PODCAST: FINDING CLEO (2018)

If you haven’t listened to Connie Walker’s award-winning podcast series, Finding Cleo, you really should. She tells the story of the Semaganis siblings who were separated from each other and their mother during the Sixties Scoop and tries to find out what happened to the one sister everyone lost track of. It’s a masterclass in how to write and produce longer-form narrative for radio. To listen, go to the CBC website here or subscribe via iTunes.


This week we’re focusing on writing and production skills, from the secrets behind Vox’s trademark explainers to how to best capture audio from your iPhone. I’ve also added an extra reading that isn’t on the course outline. It just came out last month and it’s from journalist P. Kim Bui whose work on building relationships in marginalized communities you read a few weeks ago. In this piece, she talks about taking the principles of empathy and applying them to the design and production of data visualizations.

My advice for aspiring explainer journalists (Roberts, 2018)
In this 2018 piece for Vox, journalist David Roberts offers insights and suggestions for how to develop your skills as an explanatory journalist. His advice – e.g. “learn about something – may seem somewhat facile but is quite instructive when you’re trying to break down a larger concept or idea and giving readers insight into how the world works. Incidentally, I used the Shutterstock image he talks about for our course outline because it is a pretty funny depiction of how this illustrator and likely so many others think stories are written.

Designing data visualisations with empathy (Bui, 2019)
I highly recommend anything from P. Kim Bui. She is a deep thinker on the responsibilities and the impacts of journalism.
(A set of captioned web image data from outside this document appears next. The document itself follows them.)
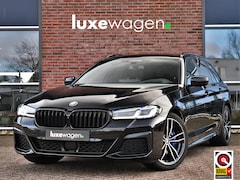 BMW 5-serie Touring - 530e 292pk M-Sport Pano ACC Trekh Comf-seat 360 HUD Laser 4wielbest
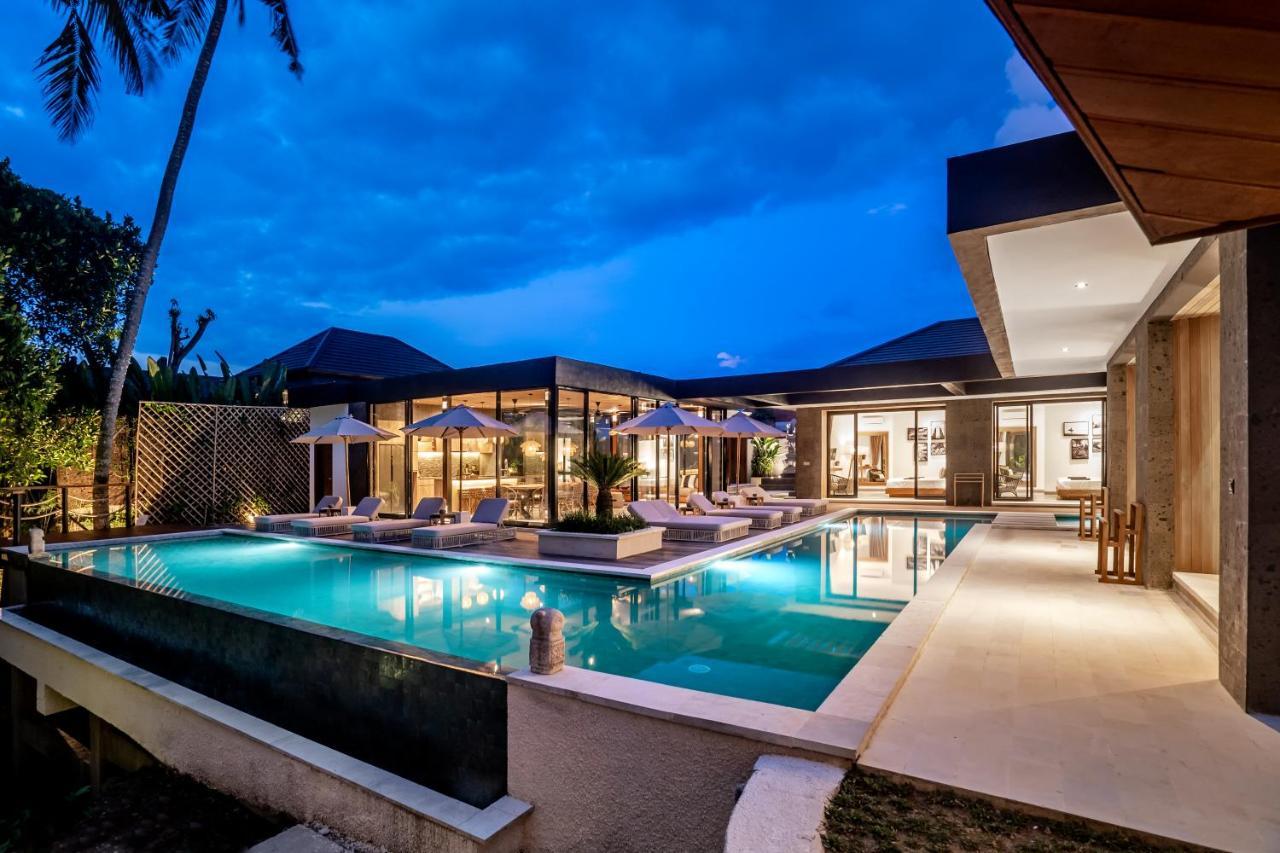 Villa Hanuman Teges Ubud Esterno foto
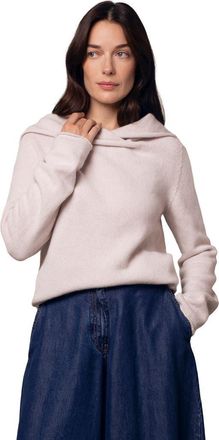 Celtic & Co. Collared Slouch Jumper in Swansdown at Nordstrom, Size X-Large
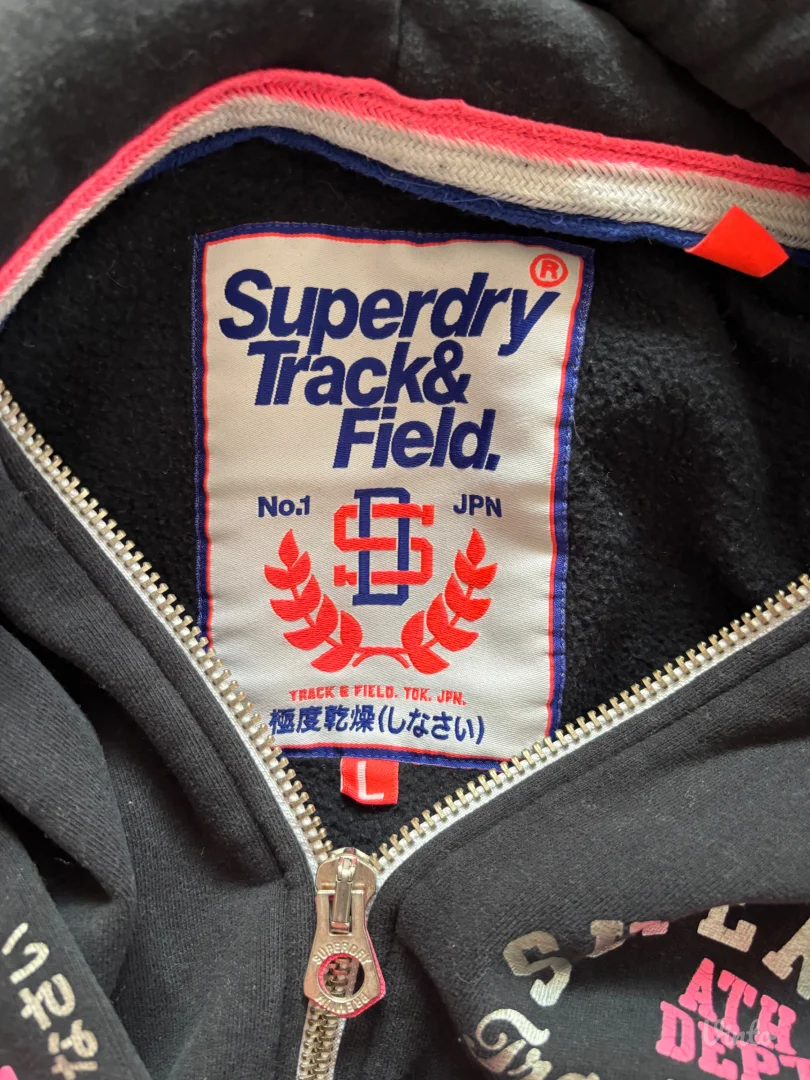 SuperDry- duks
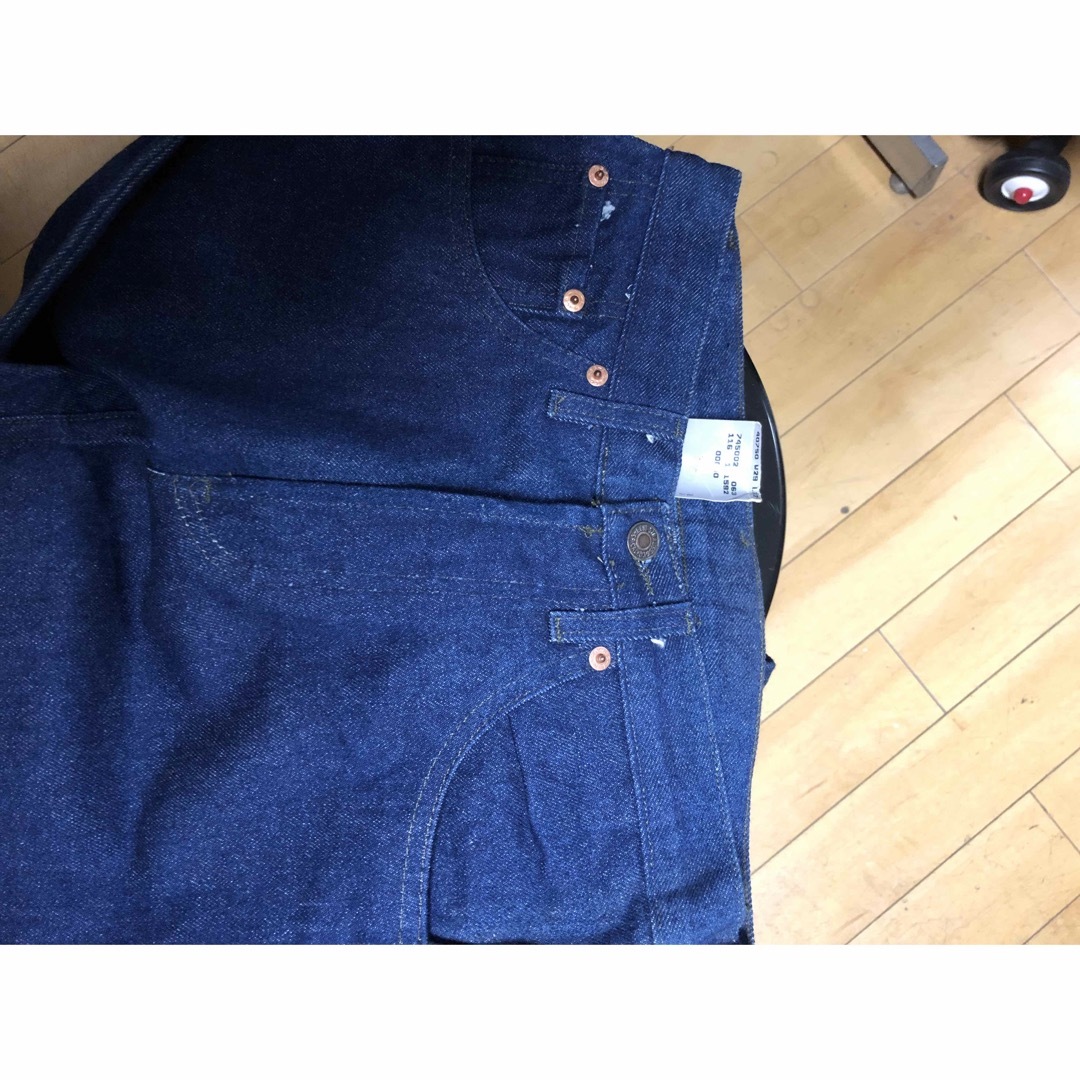 Levi's(リーバイス)のヴィンテージ501w28デッドUSAレア^ ^ メンズのパンツ(デニム/ジーンズ)の商品写真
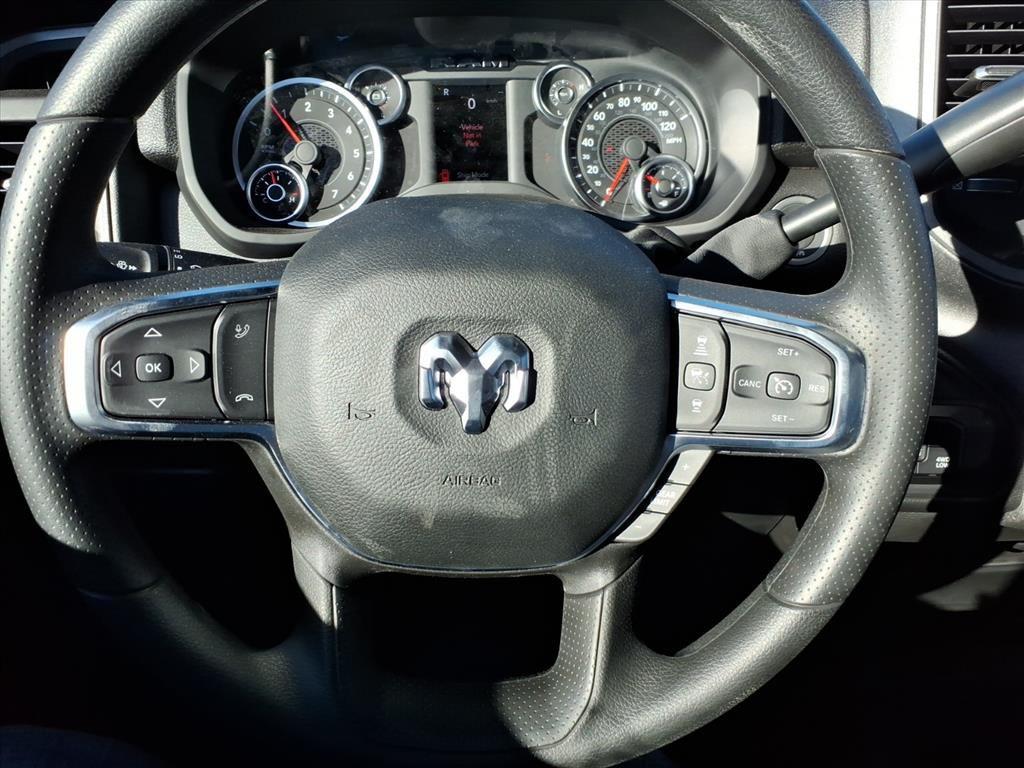 new 2026 Ram 3500 car, priced at $55,325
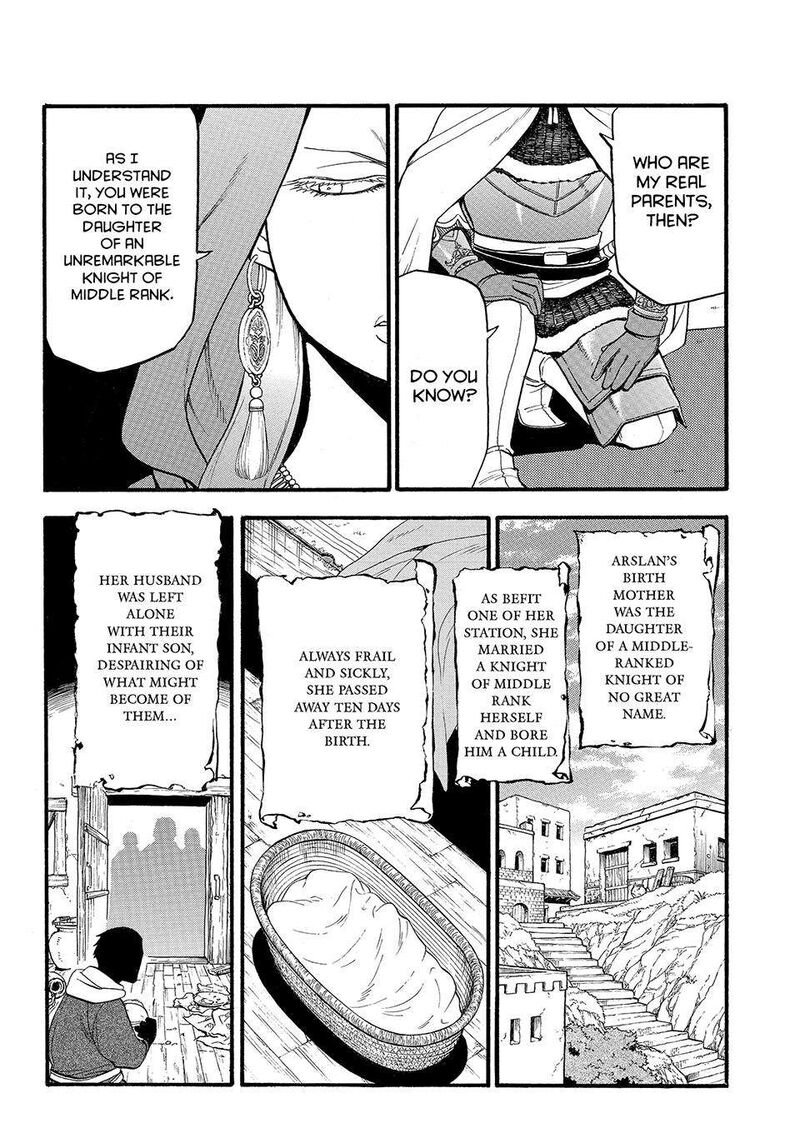 The Heroic Legend of Arslan Chapter 125 - Page 6 in English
In this most recent piece, she takes the empathetic approach she first outlined in her American Press Institute research and explains how the same principles can be applied to data reporting. She writes: “Reporting and storytelling methods like photos and videos, in a way, have an easier path to empathy. … What is harder is finding the people and shared experience within numbers and data. How do you get audience members, much less the journalists presenting the story to the audience, to walk a mile in the shoes of a dot? Or a bar chart?”

Excerpt: Sound Reporting: The NPR Guide to Audio Journalism and Production (Kern, 2008) + Tips for Recording Professional Audio Remotely (Berkeley Advanced Media Institute)
Many of you who are working on radio documentaries or podcasts for your MRPs will be taking the podcasting course in the Fall. That said, you may have already started interviewing subjects for your story. These two resources – one that focuses on writing and production and the other that offers tips for out-of-studio recording – are good quick references for you to consult.

Start-to-Finish Storyboarding (Berkeley Advanced Media Institute)
Storyboarding is often thought of as something you do once you have done some significant preliminary reporting on a feature. However, it can also be helpful to create an early-stage storyboard to visualize the outcome and to help you plan your reporting and production strategy.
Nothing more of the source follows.